I am personally coming to the conclusion that having these vast repositories of knowledge that can actually talk to us is actually great. We have some issues to solve, but the end-state of having a global repository of all knowledge that can talk to us and answer questions is actually an amazing outcome.
We just need to solve those problems first; mostly getting past the AI bubble and the massive over-investment, and then solving the hallucination problems. I don't believe either of them are insoluble.
I do worry about how future generations move on from this, though. In the same way that 90's music is still effectively the zeitgeist, and we will never move on from that, because of the way that streaming services work. It's a rare new band that can compete with (e.g.) Nirvana when appealing to that segment of audience, a competition that Nirvana themselves didn't have. So we are effectively locking in Nirvana as The Disaffected Youth Grunge Band for the rest of eternity. So similarly, we are in danger of locking in the current state of the world to the training data, and never being able to move on from that, because any new zeitgeist has to compete with this one on unequal footing.
Why don't we capture Meta and Google as they allegedly take advantage of more publicly available information for profit? Let alone the truly valuable knowledge, like mathematics, has nothing to do with the majority of garbage posts that an average person would "contribute" on social media.
If we really want to tax or nationalize some economic activity, then, in my opinion, the target should be what it takes from society, not what it produces for society. By this logic, we should tax all labs, including those lagging ones, that utilize the public knowledge.
However, if everyone can access the public knowledge without rendering it less useful or reducing its available quantity, there should be no reason to tax it.
I agree we’re in an interesting era where frontier research has shifted from mostly publicly funded to mostly private and it creates challenging incentive structures especially regarding externalized costs of research.
Did you have any thoughts on my argument of how public knowledge does get damaged by the proliferation of AI over time?
I'm not sure it'll get a lot of reception in the technocracy here on HN, whether of the AI booster or AI nihilist sort. However, I think it's a very comprehensive digestion of the questions that will swirl around the idea of LLMs as a public good in the near to medium future.
I think the tension between these ethical questions and the practical realities (both the good and the bad) of AI is likely the defining issues for technology and perhaps society in this decade.
It’s important we’re thorough and rigorous with how we think and act here so I really appreciate you engaging with the topic.

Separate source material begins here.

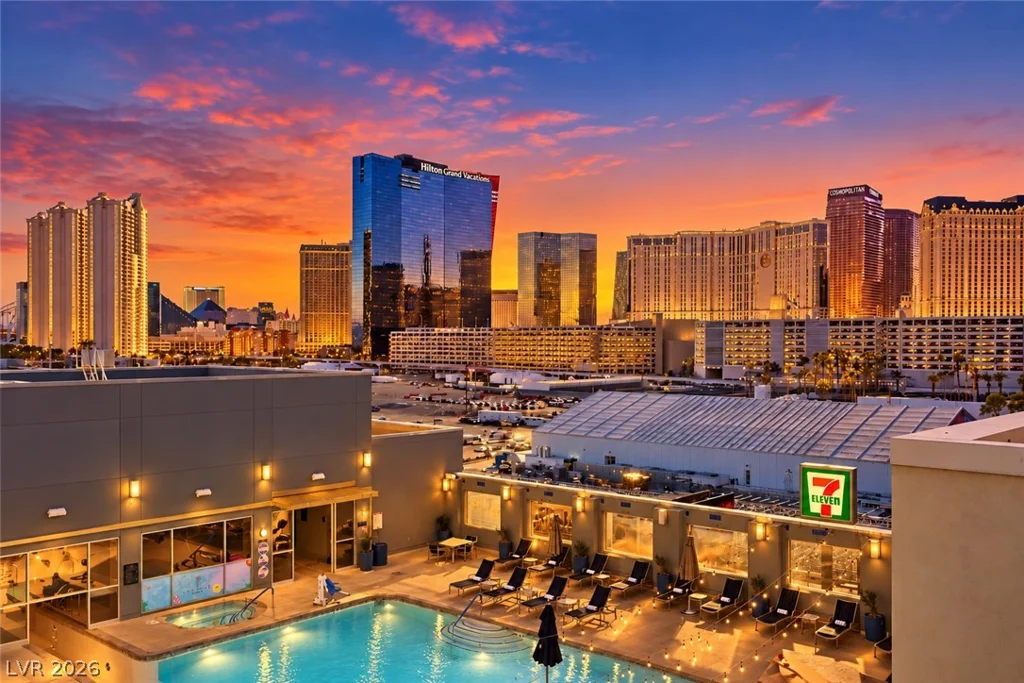 211 Flamingo, Las Vegas, NV 89169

My immediate, from-the-hip thought is that we are slowly lumbering toward the idea that LLMs ("AI") should be a public utility. It may take us quite a while to get there yet, as an unprecedented concentration of wealth and power is arrayed precisely against this outcome, but I think that will be the eventual effect, in that, "in the long run, we're all dead" kind of way.
I’m working through thoughts on this as well and agree with your read on the incentives.
There is an interesting set of conditions that happens if/when models get so competent that they’re effectively indistinguishable from each other and inference becomes a true commodity. IRL impact will lag this ofc but it’s such a wild time to be alive.
I googled for the quote but all I got is useless web spam and meme style graphics about quotes from writers. But AI told me it was David Hume and provided the full quote.
The real question is when the day will come that AI become the fertile muck that a new thing grows from and clings to and the legal system needs to adjust to. I hope it’s a good thing.
> In every system of morality which I have hitherto met with [...] the author proceeds for some time in the ordinary way of reasoning [...] when of a sudden I am surprised to find that instead of the usual copulations of propositions is and is not I meet with no proposition that is not connected with an ought or an ought not.